As another departure from tradition, before the concert began we had a short film about the Camerata’s community work with people suffering from dementia. The concert was billed as “España, Beethoven and the Beatles” but there was nothing by the Beatles on the advertised programme. When it came to the encores we discovered more.
The overture to Rossini’s The Barber of Seville was originally written for a completely different opera but has become associated with his most popular opera. It proved an ideal opener for this joyful programme which opened the Manchester Camerata’s Bridgewater Hall season. From the first notes, the strings created an atmosphere of expectation. This was clearly going to be a special concert. We had an energetic performance with the famous Rossini crescendos delighting the audience. We remained in Spain for the remainder of the first half of the concert, Chabrier’s España given in a version for chamber orchestra by Simon Parkin. Reduced forces, but no lack of Spanish vigour and colour.
The evening’s concerto was the best known guitar concerto of all, Rodrigo’s Concierto de Aranjuez, which has eclipsed all the composer’s other works, perhaps unfortunately: I long to hear a live performance of his Concierto Serenata for harp and orchestra. Many of the audience had come to hear the star guitarist Miloš Karadaglić in what should have been his Manchester debut, but he had had to withdraw because of a muscle strain. No one could have been disappointed, however, in the performance by Craig Ogden, who is well-known to Manchester audiences. He informed the audience that he had given his first professional performance of this concerto with the Manchester Camerata.
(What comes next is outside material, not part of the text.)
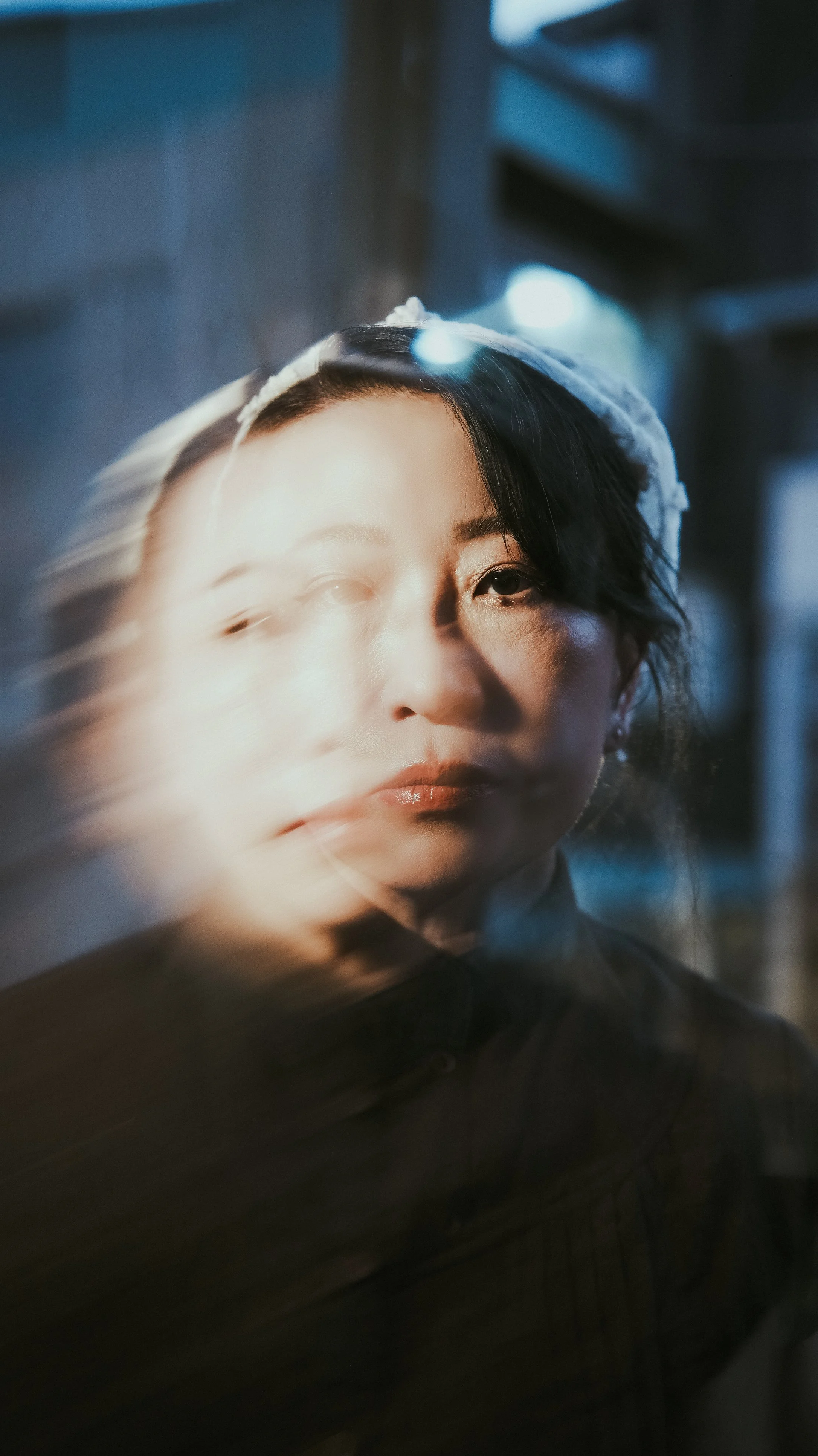 愷羚 (凱弭Karmilan)50選2500038.jpeg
Unlike Chabrier, Rodrigo does not require tambourines and castanets to create local colour. Instead he relies on the rhythms of Spanish dance and the quintessential Spanish instrument, the guitar, to evoke the gardens of a Spanish palace filled with southern sunshine. Rodrigo’s orchestration ensures that the guitar is never overwhelmed by the orchestra with the soloist often interacting with a small number of woodwinds and with several solo passages. Even so, the guitar is a quiet instrument and in a hall the size of the Bridgewater this evening’s appropriate amplification of the guitar ensured that Craig Ogden’s creation of the rich variety of timbres possible on the guitar was heard by all. He and the orchestra gave a memorable performance. Following the Rodrigo, Craig Ogden played an arrangement for solo guitar by Toru Takemitsu of the Beatles’ Yesterday.